Module 03

Sync Strategies & Hooks

Controlling when, how, and in what order ArgoCD deploys your resources

Use arrow keys or click sides to navigate

The Story

The Midnight Incident

A junior developer runs kubectl edit on a production deployment, bumping replicas from 3 to 10. Nobody notices until the cloud bill arrives. With ArgoCD self-heal, the change would have been reverted within minutes. But the team also needs database migrations to run before app deployments, and old resources should be cleaned up automatically. Let us learn how ArgoCD handles all of this.

Manual vs Auto Sync

Manual Sync

ArgoCD detects drift and shows "OutOfSync" but waits for human approval before applying changes.

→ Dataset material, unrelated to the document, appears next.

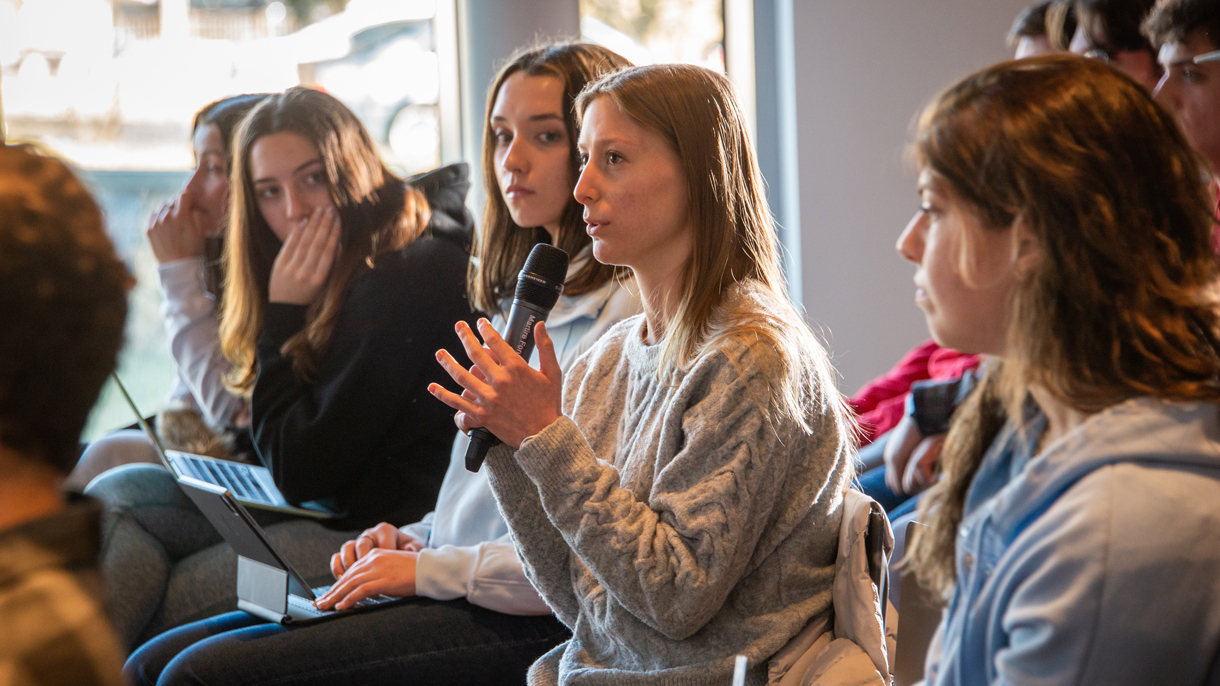Student asking question in audience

Good for production environments
Requires UI click or CLI command
Change review before deploy

Auto Sync

ArgoCD automatically applies changes when it detects drift between Git and the cluster.

Great for dev/staging environments
True GitOps -- push to Git, auto deploy
Combine with self-heal for full automation

Enabling Auto-Sync

spec:
  syncPolicy:
    automated:
      prune: false        # Do NOT auto-delete removed resources (safe default)
      selfHeal: false     # Do NOT auto-revert manual changes (safe default)
      allowEmpty: false   # Fail if Git path produces zero resources

Careful: Enabling automated without prune and selfHeal means ArgoCD will auto-sync new commits from Git but will NOT delete removed resources and will NOT revert manual cluster changes. This is the safest starting point.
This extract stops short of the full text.